Self-Employed Tax Guide: What You Need to Know in 2026
Freelancers and business owners face a more complex tax situation than employees — but also have access to significantly more tax-saving tools.
Financial Writer
Self-Employment Tax
As a self-employed person, you pay both the employee and employer portions of Social Security and Medicare — 15.3% on the first $168,600 of net earnings in 2026. The good news: you can deduct half of this self-employment tax from your gross income.
Quarterly Estimated Taxes
Employees have taxes withheld; self-employed people pay quarterly estimates (due April 15, June 15, September 15, January 15). Underpaying by more than $1,000 triggers a penalty. Use last year's tax liability as your safe harbor baseline.
The QBI Deduction
The Qualified Business Income deduction allows most self-employed people to deduct 20% of their net business income from taxable income.
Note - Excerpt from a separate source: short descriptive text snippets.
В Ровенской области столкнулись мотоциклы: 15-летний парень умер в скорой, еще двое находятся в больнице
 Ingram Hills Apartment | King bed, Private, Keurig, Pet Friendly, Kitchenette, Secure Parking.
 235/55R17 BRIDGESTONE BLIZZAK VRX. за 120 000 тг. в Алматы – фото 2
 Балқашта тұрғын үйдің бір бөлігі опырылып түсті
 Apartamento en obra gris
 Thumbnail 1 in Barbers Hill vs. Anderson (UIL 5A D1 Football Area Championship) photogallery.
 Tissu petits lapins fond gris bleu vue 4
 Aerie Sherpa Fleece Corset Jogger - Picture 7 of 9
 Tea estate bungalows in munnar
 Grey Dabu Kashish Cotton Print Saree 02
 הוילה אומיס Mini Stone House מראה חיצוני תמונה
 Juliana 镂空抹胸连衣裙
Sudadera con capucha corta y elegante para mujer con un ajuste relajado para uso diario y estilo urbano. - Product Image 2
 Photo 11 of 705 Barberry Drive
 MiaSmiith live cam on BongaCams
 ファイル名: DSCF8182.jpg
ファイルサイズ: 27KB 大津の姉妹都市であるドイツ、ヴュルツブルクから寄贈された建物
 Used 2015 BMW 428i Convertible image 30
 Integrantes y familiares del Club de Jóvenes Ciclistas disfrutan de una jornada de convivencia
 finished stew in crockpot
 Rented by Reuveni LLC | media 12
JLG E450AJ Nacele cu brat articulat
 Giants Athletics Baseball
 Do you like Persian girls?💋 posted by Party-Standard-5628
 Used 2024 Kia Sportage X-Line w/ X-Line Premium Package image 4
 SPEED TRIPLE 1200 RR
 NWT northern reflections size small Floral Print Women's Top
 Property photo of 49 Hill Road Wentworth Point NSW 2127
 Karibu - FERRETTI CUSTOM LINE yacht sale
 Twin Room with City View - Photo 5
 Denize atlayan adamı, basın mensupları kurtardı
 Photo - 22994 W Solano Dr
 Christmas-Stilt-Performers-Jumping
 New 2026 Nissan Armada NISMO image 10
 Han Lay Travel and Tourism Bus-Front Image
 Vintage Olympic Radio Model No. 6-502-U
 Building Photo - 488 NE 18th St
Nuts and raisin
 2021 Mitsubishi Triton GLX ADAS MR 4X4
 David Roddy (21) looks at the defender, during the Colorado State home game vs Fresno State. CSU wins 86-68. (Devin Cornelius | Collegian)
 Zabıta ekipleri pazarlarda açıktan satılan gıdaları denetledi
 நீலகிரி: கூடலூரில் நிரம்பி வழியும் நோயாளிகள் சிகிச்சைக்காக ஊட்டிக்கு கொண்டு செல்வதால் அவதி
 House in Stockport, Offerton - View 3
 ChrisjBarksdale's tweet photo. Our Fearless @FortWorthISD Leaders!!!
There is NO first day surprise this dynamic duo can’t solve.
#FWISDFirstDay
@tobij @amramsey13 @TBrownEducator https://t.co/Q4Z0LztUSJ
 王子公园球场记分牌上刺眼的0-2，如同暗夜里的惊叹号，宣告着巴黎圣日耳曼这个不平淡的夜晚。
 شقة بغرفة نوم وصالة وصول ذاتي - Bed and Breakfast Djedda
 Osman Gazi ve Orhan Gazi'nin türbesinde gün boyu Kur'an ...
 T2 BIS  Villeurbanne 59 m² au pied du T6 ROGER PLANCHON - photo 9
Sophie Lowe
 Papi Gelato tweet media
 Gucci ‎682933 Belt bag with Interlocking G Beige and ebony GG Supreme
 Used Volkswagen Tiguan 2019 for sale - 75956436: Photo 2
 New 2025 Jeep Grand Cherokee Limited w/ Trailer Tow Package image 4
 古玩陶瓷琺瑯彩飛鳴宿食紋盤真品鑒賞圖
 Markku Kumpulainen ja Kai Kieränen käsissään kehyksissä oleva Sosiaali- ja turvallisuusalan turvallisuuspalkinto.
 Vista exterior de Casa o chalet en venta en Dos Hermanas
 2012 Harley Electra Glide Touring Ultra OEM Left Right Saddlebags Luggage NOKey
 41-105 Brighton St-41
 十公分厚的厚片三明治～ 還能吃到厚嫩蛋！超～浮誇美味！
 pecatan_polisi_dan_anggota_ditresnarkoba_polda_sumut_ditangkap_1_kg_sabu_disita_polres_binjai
This is available through 2025 under current law (scheduled to expire unless extended).
Solo 401(k) or SEP IRA
Self-employed individuals can contribute far more to retirement than employees. A Solo 401(k) allows up to $69,000/year ($76,500 if 50+) in total contributions in 2026. A SEP IRA allows 25% of net self-employment income up to $69,000. These contributions dramatically reduce taxable income.